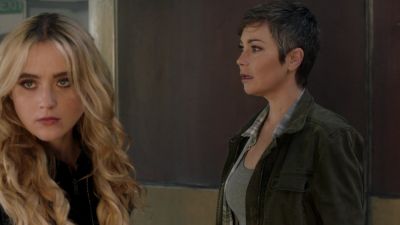 Supernatural_S13E10_1080p_WEB-DL_x264_DUAL-WWW_BLUDV_COM_1967.jpg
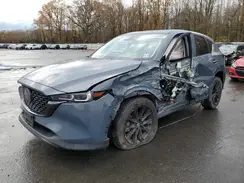 JM3KFBCM2N1551900 2022 MAZDA CX-5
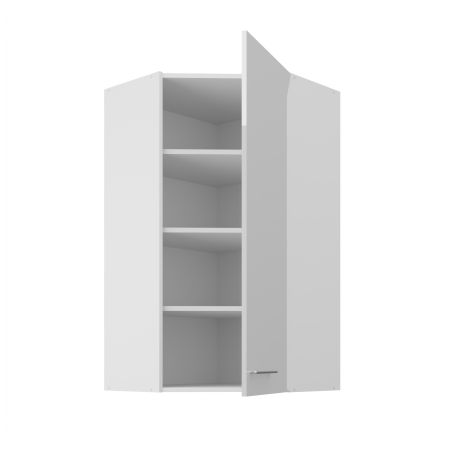 60x60 GN-108 1F VENUS WHITE (1).png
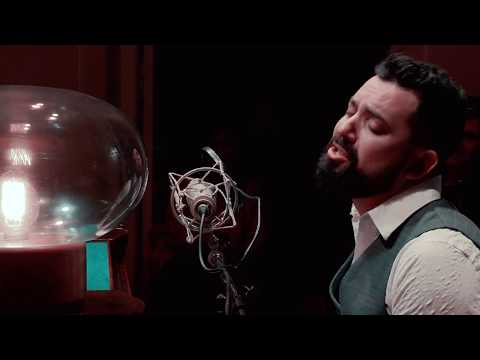 download lagu mp3 mp4 Pablo Cordero, download lagu Pablo Cordero gratis, unduh video klip Pablo Cordero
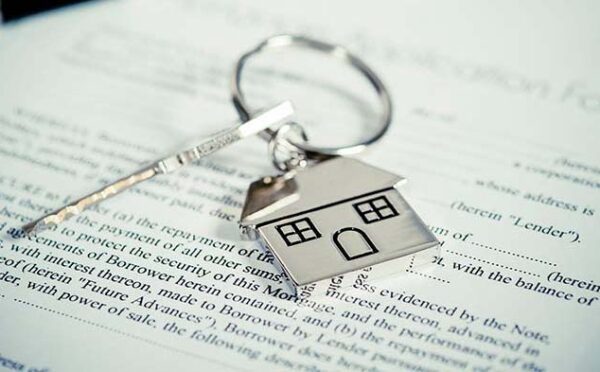 When is a settlement a settlement?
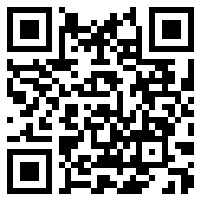 QR Code for 1NLmretpanmKDqxX5VTEN3P3bXnKT4NQTR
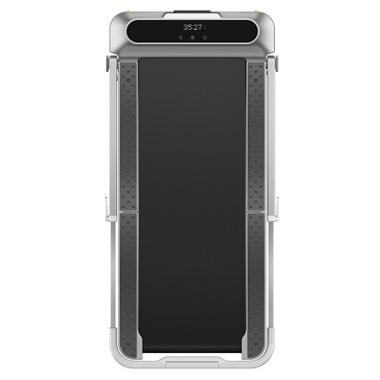 Беговая дорожка Kingsmith Walkingpad&Treadmill R2 Black (TRR2FB) фото №5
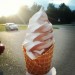 IceCreamMuskegon thumbnail
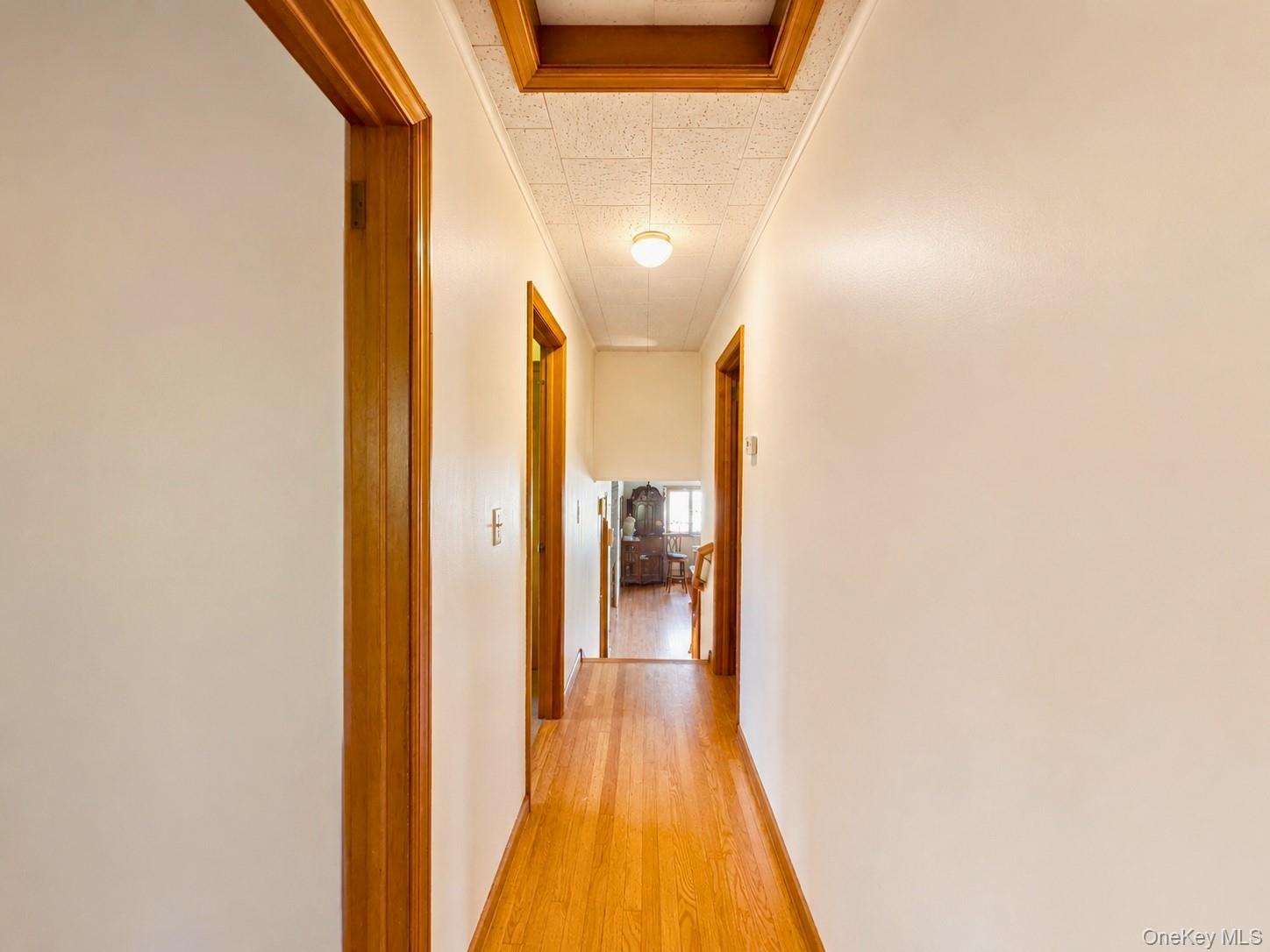 3 Gardiner Street Property Photo 13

☆ ☆ ☆ ☆ ☆ ☆ ☆

* [Your objective] Line by line, write out the entries exactly, and leave the pictures out.

* [Written answer]
 Supernatural_S13E10_1080p_WEB-DL_x264_DUAL-WWW_BLUDV_COM_1967.jpg
 JM3KFBCM2N1551900 2022 MAZDA CX-5
 60x60 GN-108 1F VENUS WHITE (1).png
 download lagu mp3 mp4 Pablo Cordero, download lagu Pablo Cordero gratis, unduh video klip Pablo Cordero
 When is a settlement a settlement?
 QR Code for 1NLmretpanmKDqxX5VTEN3P3bXnKT4NQTR
 Беговая дорожка Kingsmith Walkingpad&Treadmill R2 Black (TRR2FB) фото №5
 IceCreamMuskegon thumbnail
 3 Gardiner Street Property Photo 13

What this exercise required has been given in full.